CEC working unreliably after wakeup

I am running the latest stable release, that is CoreELEC 9.2.1.

I’ve got Odroid N2 connected directly to my Philips TV. I am able to suspend and wake up the Ordroid with my TV’s remote, however, after a wake up, the Odroid fails to react to TV remote button presses. It may recover by itself in 10 or so seconds, or it may not, in which case I have to switch the TV to another source and then back.

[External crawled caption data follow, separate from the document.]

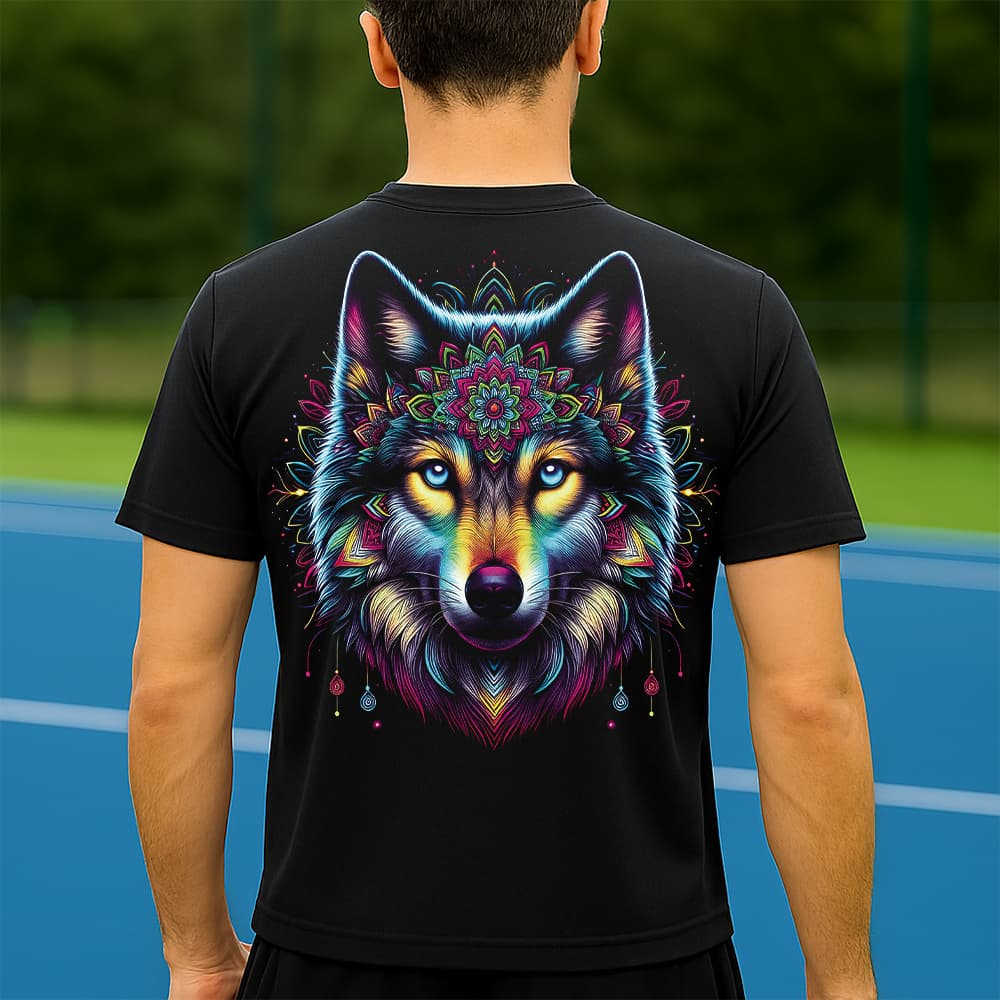 Camiseta Dry Fit Masculina Estampada Lobo Mandala P ao GG Leve Respirável Academia Treino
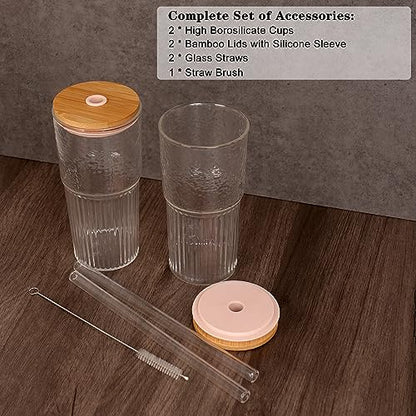 ANOTION 2Pcs 22 oz Iced Coffee Cups Drinking Glasses Iced Coffee Cup | Reusable Smoothie Cup Glass Tumbler Water Glasses Ribbed Glassware - color: Pink Lids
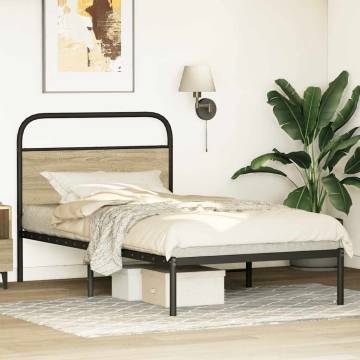 Elegant 90x200 cm Bed Frame in Sonoma Oak - No Mattress Included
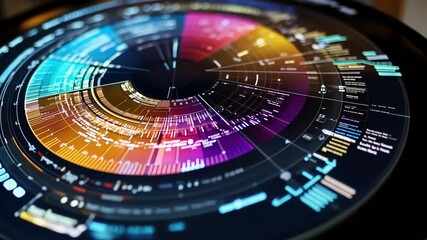 Poster - colorful circular display visualizing manufacturing data analysis. showcasing key performance indica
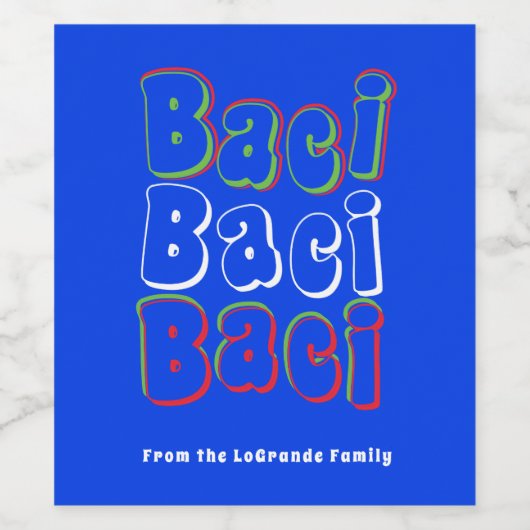 Baci Baci Baci is een soort ontwerp Wijn Etiket (Enkel label)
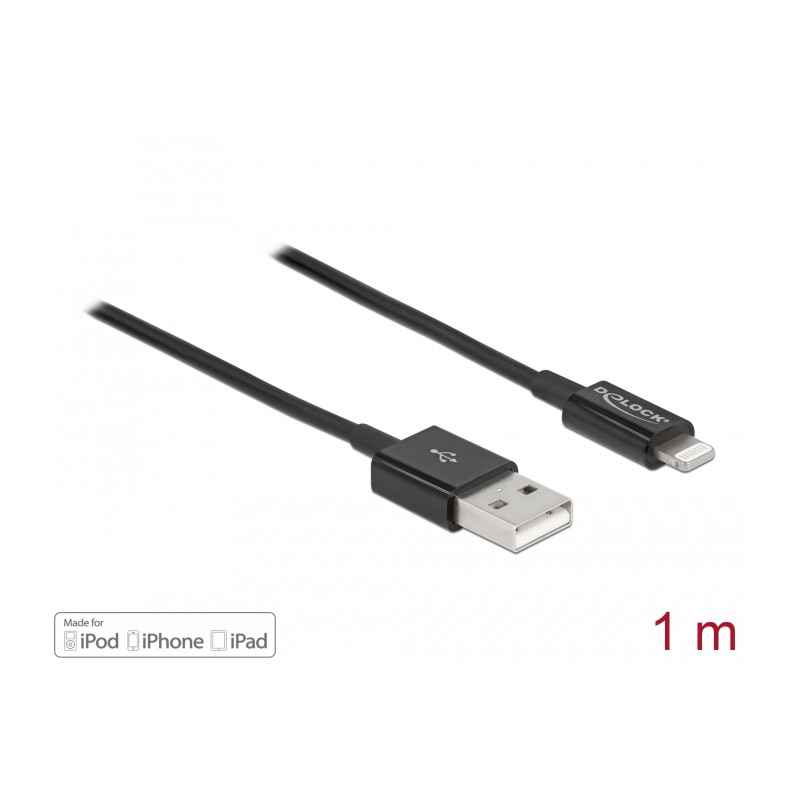 Delock USB Daten- und Ladekabel für iPhone™, iPad™, iPod™ schwarz 1 m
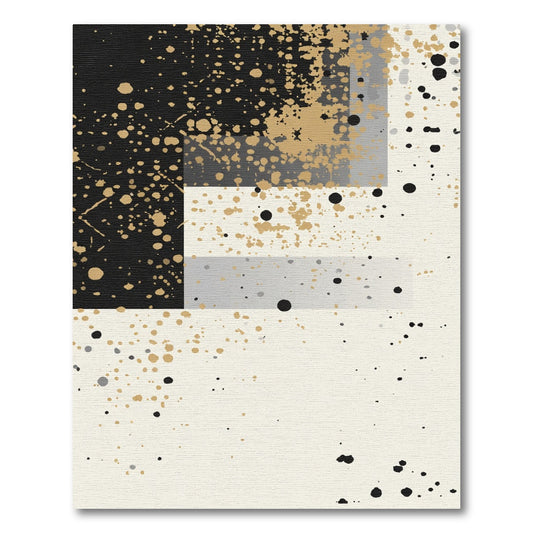 Black Gold Splatter Geometric Blocks Rug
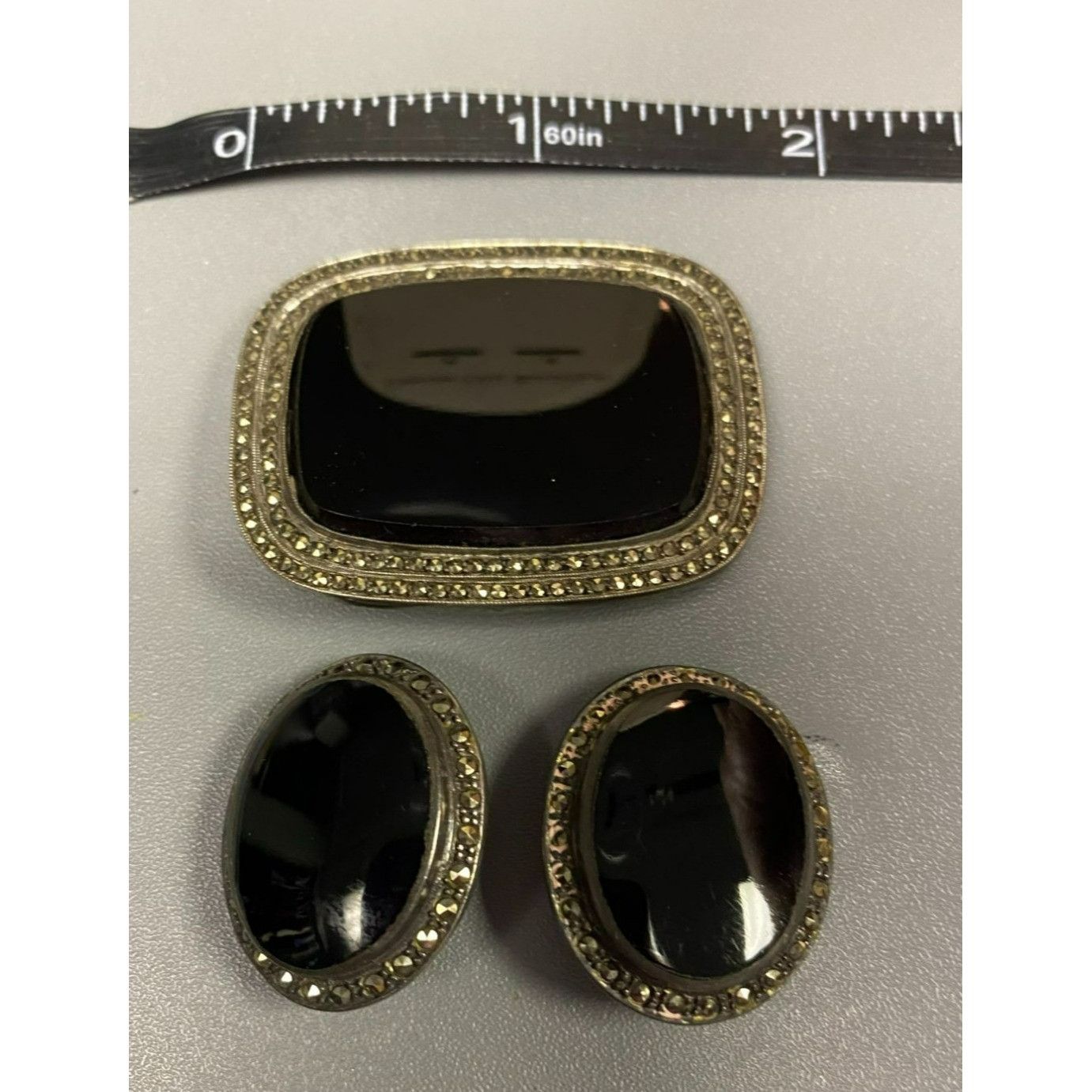 Other Vintage Onyx & Sterling Silver Brooch and Clip on Earring Se Size ONE SIZE - 9 Thumbnail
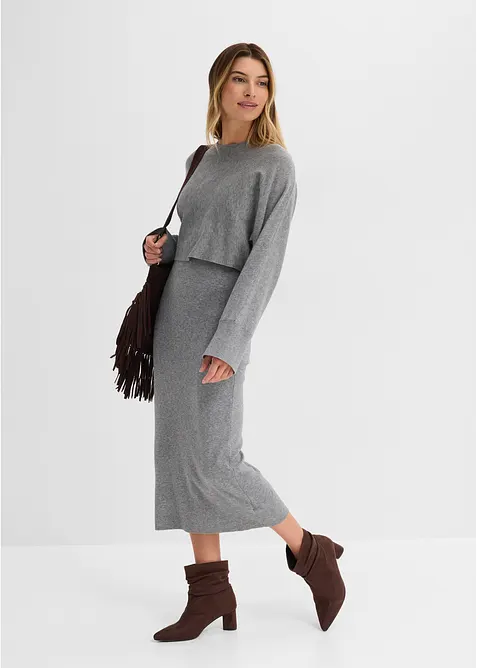 Strikket kjolesett (2-delt sett), bonprix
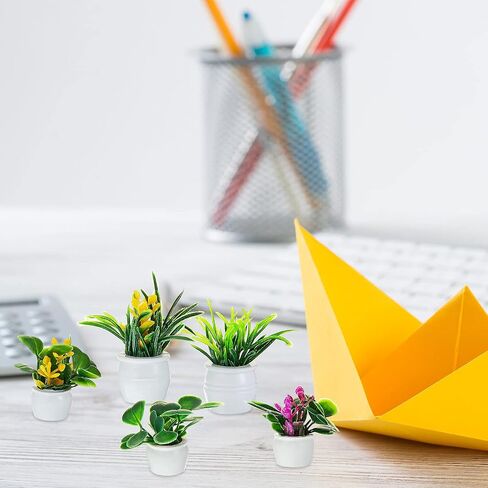 14 Pieces Dollhouse Plant Miniature Bonsai Plant Mini Potted Plant Flower Model Tiny Fake Greenery Ornament Dollhouse Furniture for Christmas Toddlers Girls and Boys (Cute Style) in Saudi Arabia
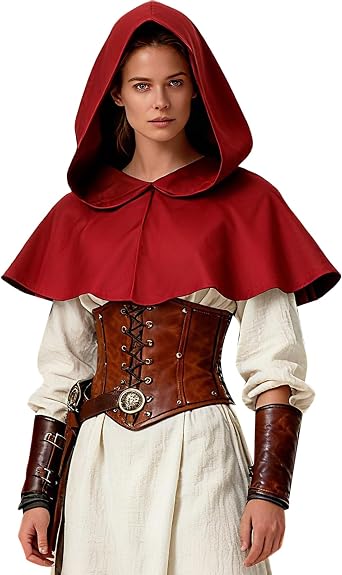 Medieval Cloak Hooded Shawl Halloween Riding Hood Shoulder Cape for Men & Women, Wicca Pagan Cosplay Poncho Costume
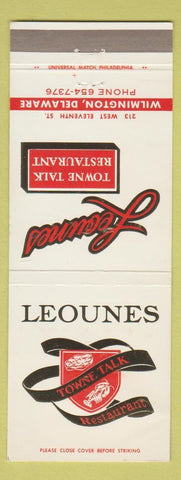 Matchbook Cover - Leounes Towne Talk Restaurant Wilmington DE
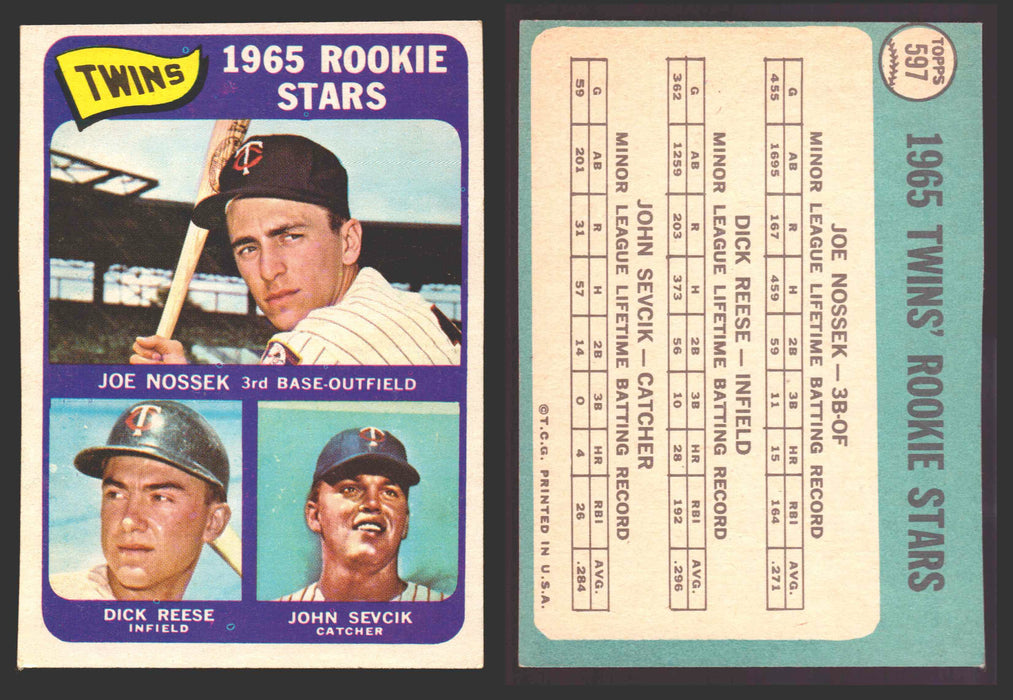 1965 Topps Baseball Trading Card You Pick Singles #500-#598 VG/EX #	597 Twins Rookies - Joe Nossek / Dick Reese / John Sevcik RC  - TvMovieCards.com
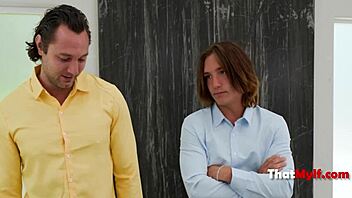 so this annoying milf boss gets even in a wild mmf threesome at the office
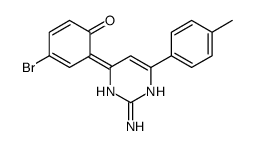 6-[2-amino-4-(4-methylphenyl)-1H-pyrimidin-6-ylidene]-4-bromocyclohexa-2,4-dien-1-one Structure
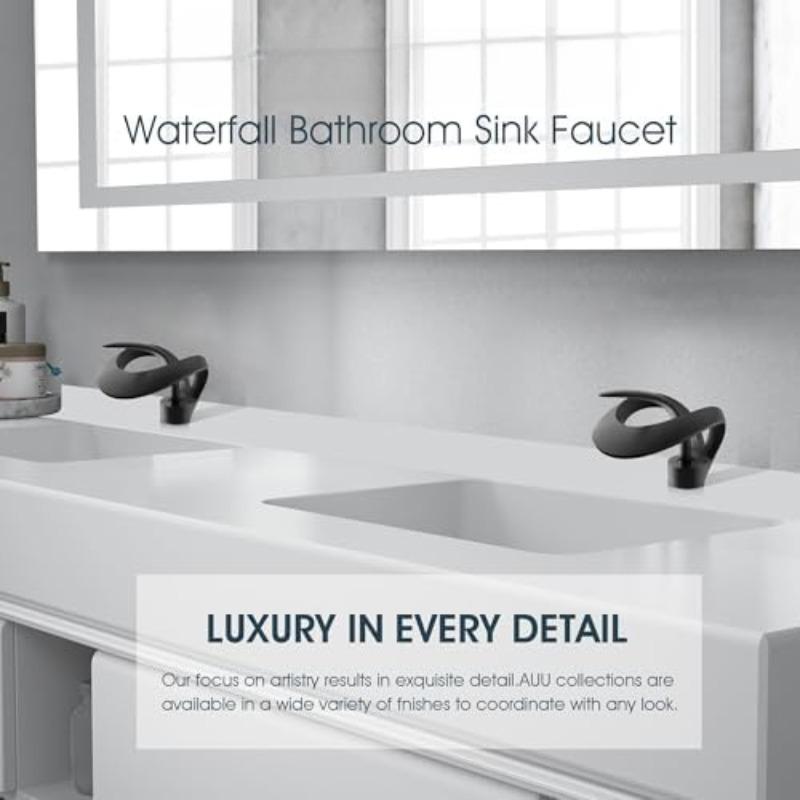 Beautiful and Functions Single Handle Bathroom Sink Faucet, Waterfall Curved Shape Design Single Hole Lavatory Faucet Basin Mixer Tap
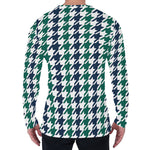 Blue Green And White Houndstooth Print Men's Long Sleeve T-Shirt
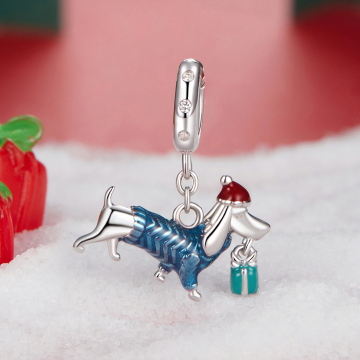 Hot Sale 925 Sterling Silver Enamel Christmas Pendant for Jewelry Making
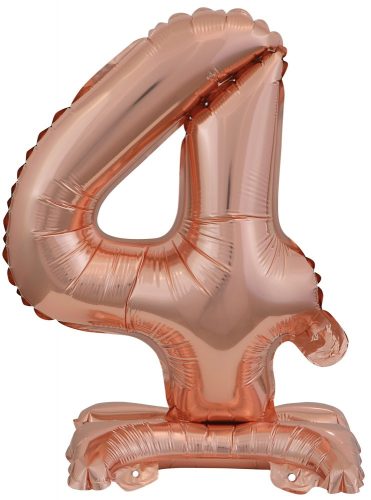 Rose Gold mini 4-es szám fólia lufi talppal 38 cm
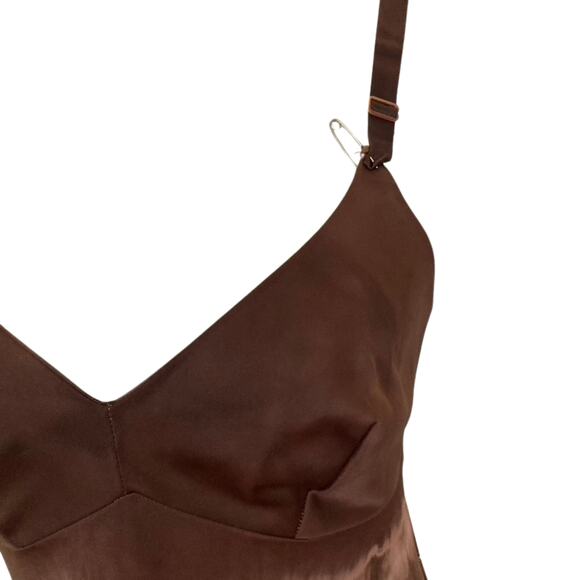 Vintage Brown and Pink Maxi Slip, Size Medium - Picture 4 of 6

Interestingly, if it fails to recover by itself, I can make it recover merely by running cec-client from the command line. The recovery is not instant - it takes a few seconds. Here is the cec-client output for such a recovery:

CoreELEC:~ # cec-client
No device type given. Using 'recording device'
CEC Parser created - libCEC version 4.0.4
no serial port given. trying autodetect:
 path:     /dev/aocec
 com port: AOCEC

opening a connection to the CEC adapter...
DEBUG:   [             123]     Broadcast (F): osd name set to 'Broadcast'
NOTICE:  [             123]     connection opened
DEBUG:   [             123]     << Broadcast (F) -> TV (0): POLL
TRAFFIC: [             123]     << f0
DEBUG:   [             123]     processor thread started
DEBUG:   [             302]     >> POLL sent
DEBUG:   [             302]     TV (0): device status changed into 'present'
DEBUG:   [             302]     << requesting vendor ID of 'TV' (0)
TRAFFIC: [             302]     << f0:8c
DEBUG:   [            1579]     expected response not received (87: device vendor id)
TRAFFIC: [            1579]     << f0:8c
TRAFFIC: [            2405]     >> 01:46
DEBUG:   [            2798]     expected response not received (87: device vendor id)
NOTICE:  [            2799]     registering new CEC client - v4.0.4
DEBUG:   [            2799]     detecting logical address for type 'recording device'
DEBUG:   [            2799]     trying logical address 'Recorder 1'
DEBUG:   [            2799]     << Recorder 1 (1) -> Recorder 1 (1): POLL
TRAFFIC: [            2799]     << 11
WARNING: [            3077]     Write: write failed
TRAFFIC: [            3077]     << 11
WARNING: [            3077]     Write: write failed
DEBUG:   [            3077]     >> POLL not sent
DEBUG:   [            3077]     using logical address 'Recorder 1'
DEBUG:   [            3077]     Recorder 1 (1): device status changed into 'handled by libCEC'
DEBUG:   [            3077]     Recorder 1 (1): power status changed from 'unknown' to 'on'
DEBUG:   [            3077]     Recorder 1 (1): vendor = Pulse Eight (001582)
DEBUG:   [            3077]     Recorder 1 (1): CEC version 1.4
DEBUG:   [            3077]     AllocateLogicalAddresses - device '0', type 'recording device', LA '1'
DEBUG:   [            3080]     Recorder 1 (1): osd name set to 'CECTester'
DEBUG:   [            3080]     Recorder 1 (1): menu language set to 'eng'
DEBUG:   [            3080]     AutodetectPhysicalAddress - autodetected physical address '2000'
DEBUG:   [            3080]     Recorder 1 (1): physical address changed from ffff to 2000
DEBUG:   [            3080]     << Recorder 1 (1) -> broadcast (F): physical address 2000
TRAFFIC: [            3080]     << 1f:84:20:00:01
NOTICE:  [            3236]     CEC client registered: libCEC version = 4.0.4, client version = 4.0.4, firmware version = 5, logical address(es) = Recorder 1 (1) , physical address: 2.0.0.0,  compiled on Wed Nov 27 08:01:29 UTC 2019 by adamg@zulu on Linux 4.15.0-71-generic (x86_64), features: P8_USB, DRM, P8_detect, AOCEC
DEBUG:   [            3236]     << Recorder 1 (1) -> TV (0): OSD name 'CECTester'
TRAFFIC: [            3236]     << 10:47:43:45:43:54:65:73:74:65:72
DEBUG:   [            3622]     << requesting power status of 'TV' (0)
TRAFFIC: [            3622]     << 10:8f
TRAFFIC: [            4339]     >> 01:90:00
DEBUG:   [            4339]     TV (0): power status changed from 'unknown' to 'on'
DEBUG:   [            4340]     >> TV (0) -> Recorder 1 (1): report power status (90)
waiting for input
DEBUG:   [            4340]     expected response received (90: report power status)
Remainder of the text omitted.